Follow below the fold for the actual proposal.
That said here is a proposal that President Obama could offer that will not cost a single cent of new money and yet will create nearly 8 million new jobs virtually over night.
In addition the newly hired workers will begin immediately adding some 30 Billion dollars per year in new taxes to help reduce the size of the existing debt load and of course they will add some 300 billion dollars worth of new demand to the economy which in and of itself will create new economic activity, require adding even more new labor and produce even more in new taxes.
As obviously beneficial as such a proposal would be, we can be sure that the Tea Party will not allow it to get through Congress - unless the President also offers a "sweetener" to the bill that makes adopting it absolutely irresistible.

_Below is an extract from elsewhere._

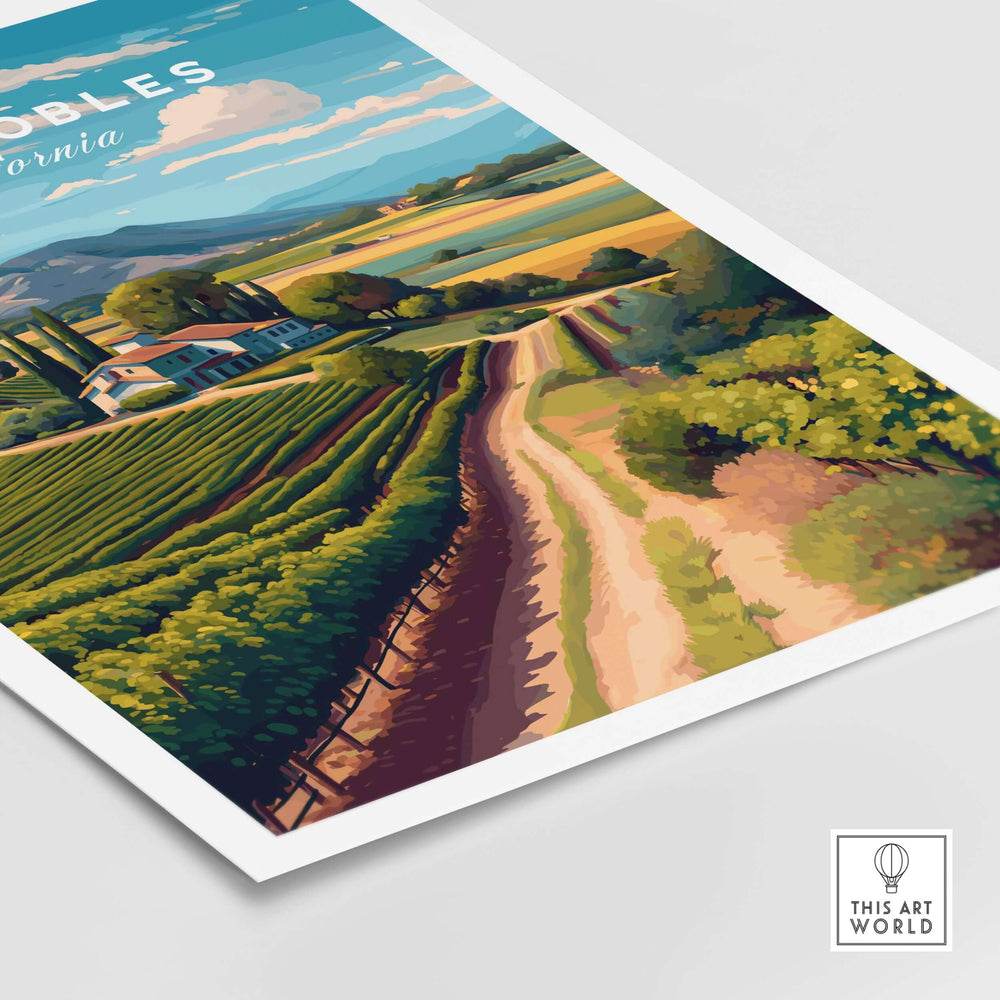 Paso Robles Farmhouse and Vines Print | California Wine Lover Wall Art showcasing vineyards and rustic charm.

So with no more ballyhoo here is the whole proposal
The President should propose presenting a Bill to the Congress that simultaneously provides that
! ) The length of the Standard Work Week for all companies employing over 100 people be reduced by 10% from 40 hours to 36 hours - with no reduction in pay, and simultaneously
2) Allows American Corporations to immediately repatriate to the United States their entire 1.5 Trillion Dollar overseas profit stash without having to pay a single cent in taxation.
I'll be glad to answer any questions in the comments so fire away.
The standard work week has not been lowered since the Fair Labor Standards Act was passed 73 years ago in June of 1938. It is high time that it was reduced just on its own merits but certainly in the present economic crisis it is absolutely essential to do this and to do it now.